One of the most important sections of the archive is made up of the financial ledgers, which amount to the impressive figure of some 680 codices and more than 200 unbound codices of a few pages each, in almost unbroken chronological sequence for approximately 300 years (late 17th century to the present). Systematic research into this priceless source for economic history will not only make known to us the range of the economic activities of a flourishing monastery, but will throw light on other aspects of the economic life of the broader region of northern Greece.

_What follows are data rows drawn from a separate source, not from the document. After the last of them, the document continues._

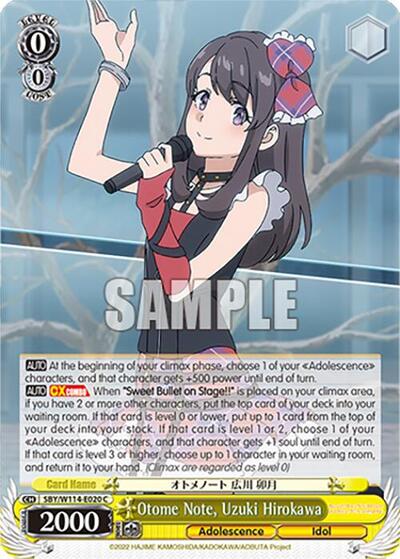 Otome Note, Uzuki Hirokawa SBY/W114-E020 C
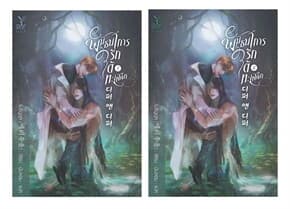 ปกหนังสือ ชุด พันธนาการรักใต้ทะเลลึก เล่ม 1-2 (จบ)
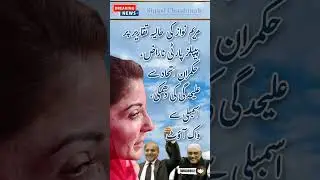 #siyasichashmah #maryamnawaz #navedqamer #pppp #pakistantehreekeinsaf #pmln #politicsinpakistan #pti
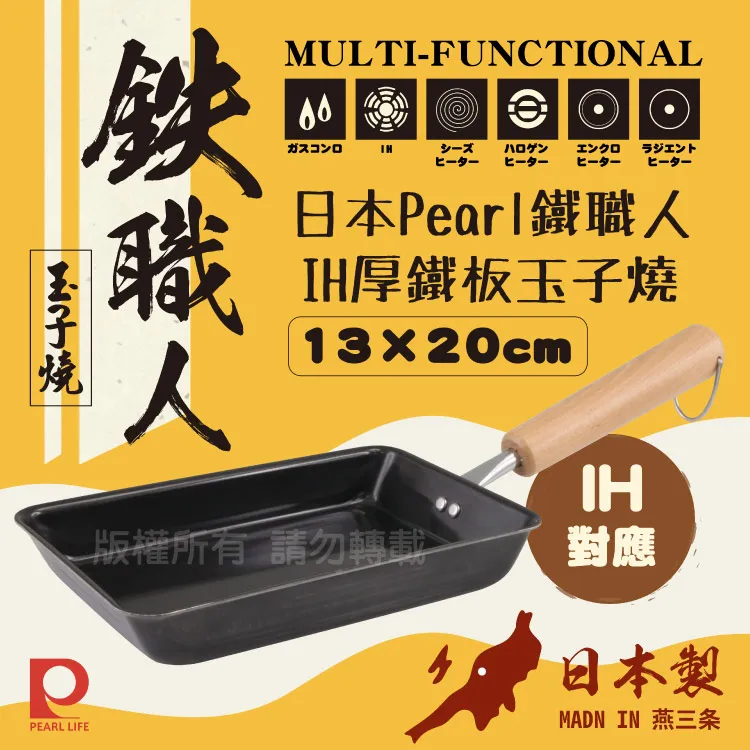 【日本PEARL LIFE】耐熱直立站立式湯勺(3色可選) 勺子 湯匙 歷史價格詳細信息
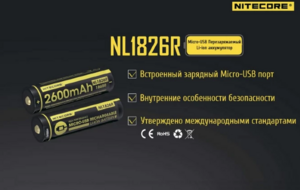 Аккумулятор NITECORE NL1826R 18650 LI-ION 3.7v 2600mA 16809, фото 3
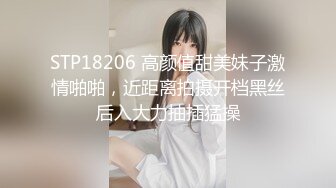 露脸才是王道！推特狼粉女神男人肏便器【janpet】私拍，户外露出一帮爷们群P她堪比岛国女优《顶级泄密极品反差》露脸才是王道！推特狼粉女神男人肏便器【janpet】私拍，户外露出一帮爷们群P她堪比岛国女优V (2)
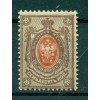 Impero russo 1908/18 - Michel n. 76 II A b - Serie ordinaria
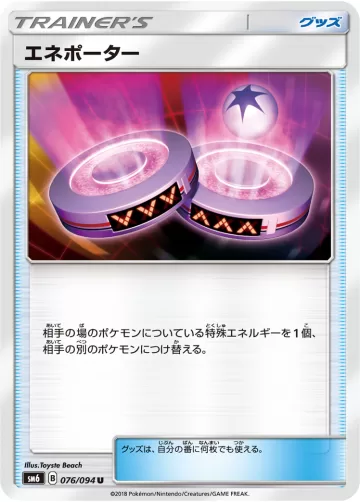 エネポーター U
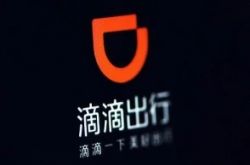 (10分钟科普下)海西州门户网站_哔哩哔哩-2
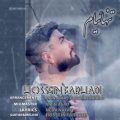 hossein farhadi tanhaeiyam 2024 12 31 17 33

More specifically, this section of the archive contains: 220 (approximately) ledgers of general and particular dealings and of those involving the metochia (late 17th century-1799), 76 general balance sheets (1800-1940), 64 ledgers of dealings in capital (1842-1967), 15 ledgers of capital receipts (1864-1893), 15 of capital out¬goings (1879-1937), 62 journals of receipts and outgoings (1885-1983), 21 journals of receipts (1860-1891), 30 journals of outgoings (1864-1941), 37 financial ledgers of the metochia (1874-1943), and 22 pay-roll ledgers for employees (1819-1955). Also included is a host of ledgers with more particular content, such as ledgers dealing with securities, bonds, loans and interest coupons, with trading in timber, warehouses, shops in Karyes, etc., all dating from the 19th and 20th centuries.

The unbroken historical continuity and the volume of the Vatopaidi archival material make it one of the most important archives of the Greek East, a pool from which answers can be drawn to the questions of the history not only of ecclesiastical and monastic institutions, but also to those of social, economic and local history. The preservation of such a large number of evidential documents can be appreciated even further if it is borne in mind that its content deals mainly with a geographical region in which the vicissitudes of history have swept away the testimonies of the archives of both secular and ecclesiastical authorities.